MDARC (Mt. Diablo Amateur Radio Club) has changed their D-Star, W6CX Repeater from a D-Star only repeater to a Full Multi-Mode Digital Repeater, currently configured to operate D-Star, DMR and Fusion. DXDN and P25 can be easily added. This technology allows multiple modes to operation on the same hardware and frequencies.
BUT ONLY ONE MODE AT A TIME
The repeater uses the same pair 145.0000Mhz +2.5000Mhz Color Code 1 for DMR. The same frequency is used for the other modes.
Thanks & 73′
Tim – K6BIV
Yea are there regular group meetings on one of these digital forms I can listen in on via the internet..assuming I can find a pie to turn into a Hotspot these days of chip shortages..
So how is one made at a time gonna work? At like midnight someone claims up on the Mt. And physically switches the mode every week? Or does multimode mean I can transmit in all 4 or so modes at the same time? Can they be linked to an analog repeater like Kings Mt. To extend its range onto a digital network to broaden their audience which is currenlt San Mateo area bound? These types of issues could be solved by hopefully new products?
The goal of the W6CX-DV Multi-mode repeater is to allow more users of digital voice modes to make use of W6CX’s special location atop South Peak of Mount Diablo. And you are right — only one mode at a time.
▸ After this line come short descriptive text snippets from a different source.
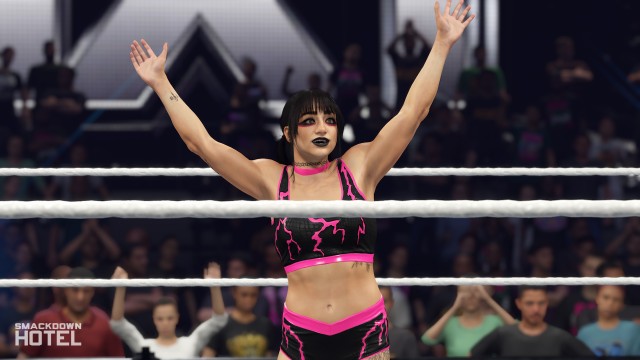 wwe 2k25 tatum paxley wwe 2k25 tatum paxley
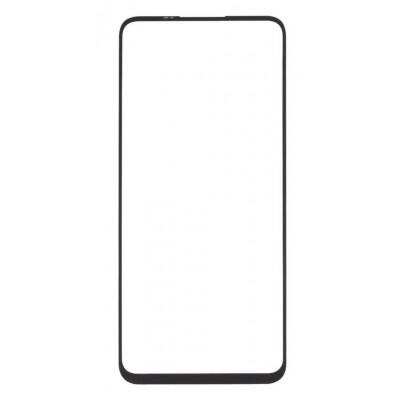 Replacement Front Glass For Huawei Enjoy 20 Se White By - Maxbhi Com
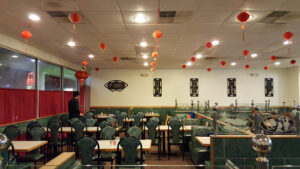 China Wok Restaurant - Hermitage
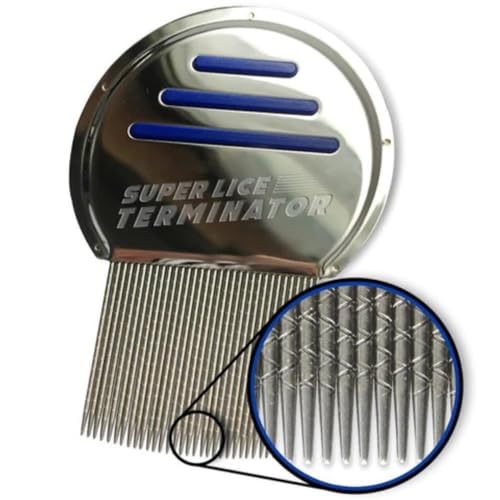 Lice & Nit Comb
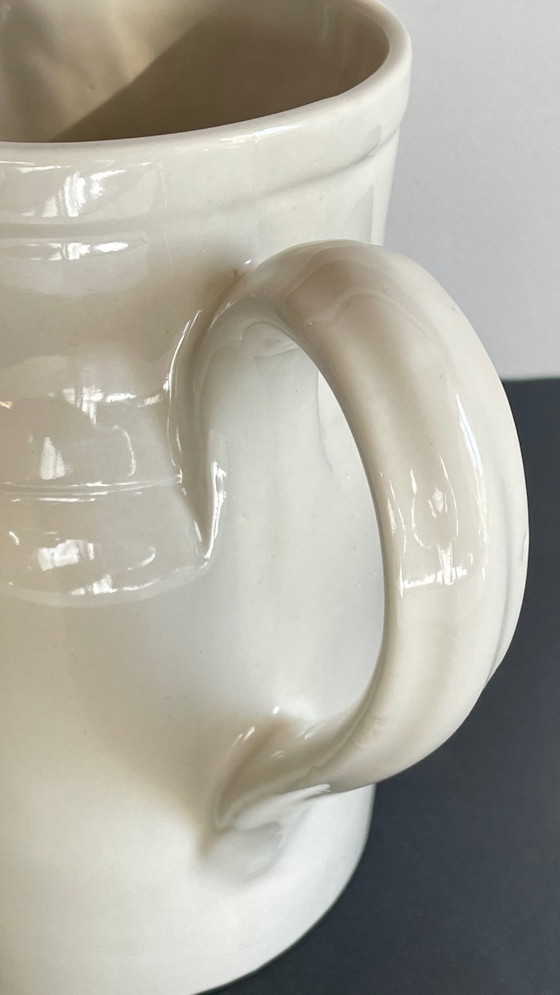 Image 1 of 2.5L Pitcher Digoin France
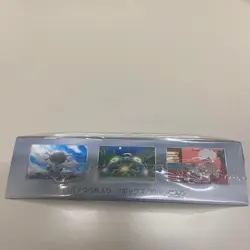 Wrapped Ruler of the Black Flame Pokemon Card TCG Booster Box New Sealed - Image 3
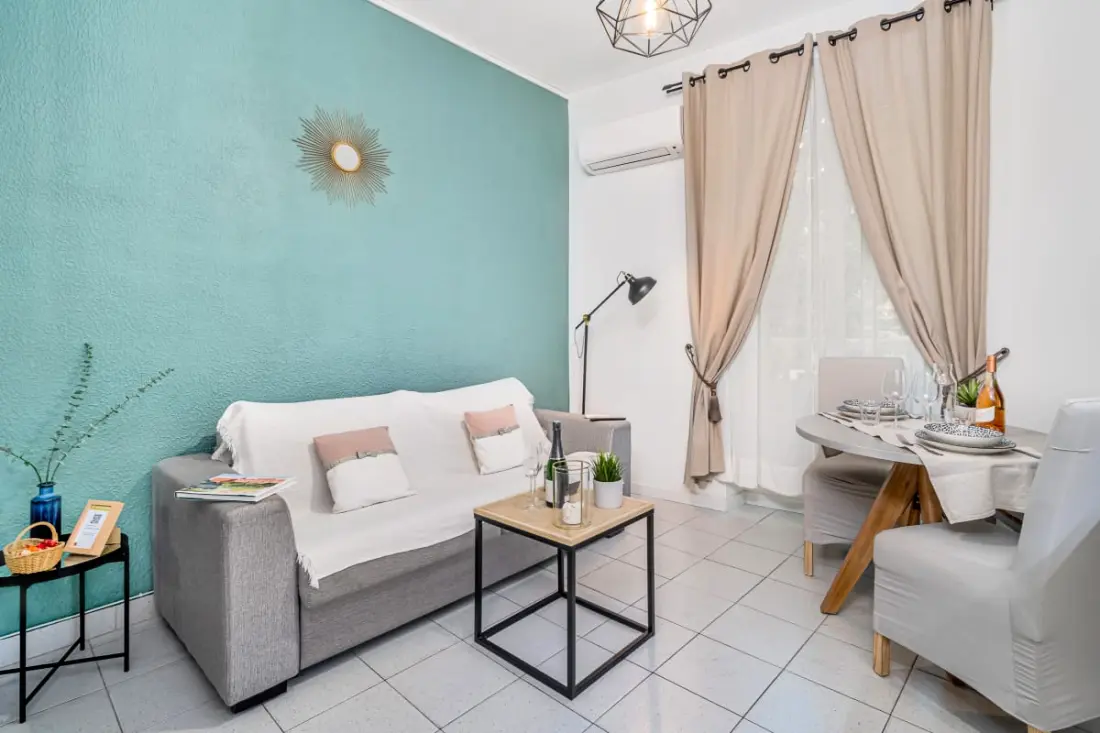 Appartement La Cigale | Diane's nesten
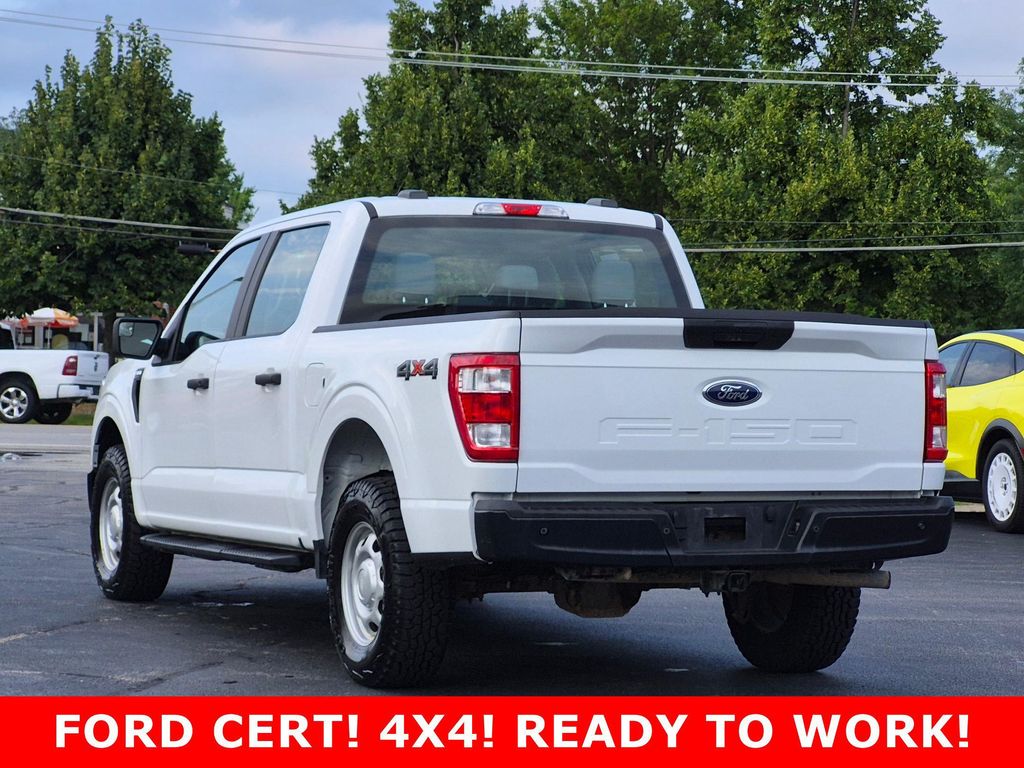 2022 FORD F-150 XL 照片 7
It’s all done in the Multi-Mode Digital Voice software, which is Open Source/free software written by Jonathan Naylor, G4KLX. Basically when the repeater is idle, the software perks up when the receiver picks up an incoming signal. The software quickly checks which of the enabled DV modes it is hearing and repeats out the received transmission using that mode.
When that transmission ends, the repeater stays locked in whatever mode it just repeated for a short while, to ensure that any ensuing QSO will not be interrupted by a different mode.
But if there is no RF activity, the software goes back to listening for all enabled modes. Right now, we have enabled D-STAR, DMR and C4FM.
We have also carefully chosen a default D-STAR reflector (REF014C), DMR talkgroup (BrandMeister 310606 Diablo) and C4FM reflector (YSF80280 Diablo). These are relatively local and provide others in the area to talk to, but are not so busy as to have a given mode take over the repeater.
However, for each of those modes, RF users can have their radios send commands to connect or link to other reflectors or talkgroups of their choice.
Once they are done, they can send another command to set the repeater on that mode to the default, or after about 15 minutes of no RF activity in that mode, the system will automatically reset to the default reflector or talkgroup for that mode.
@k6JM – understand you are using MMDVM. what’s the rx and tx hardware?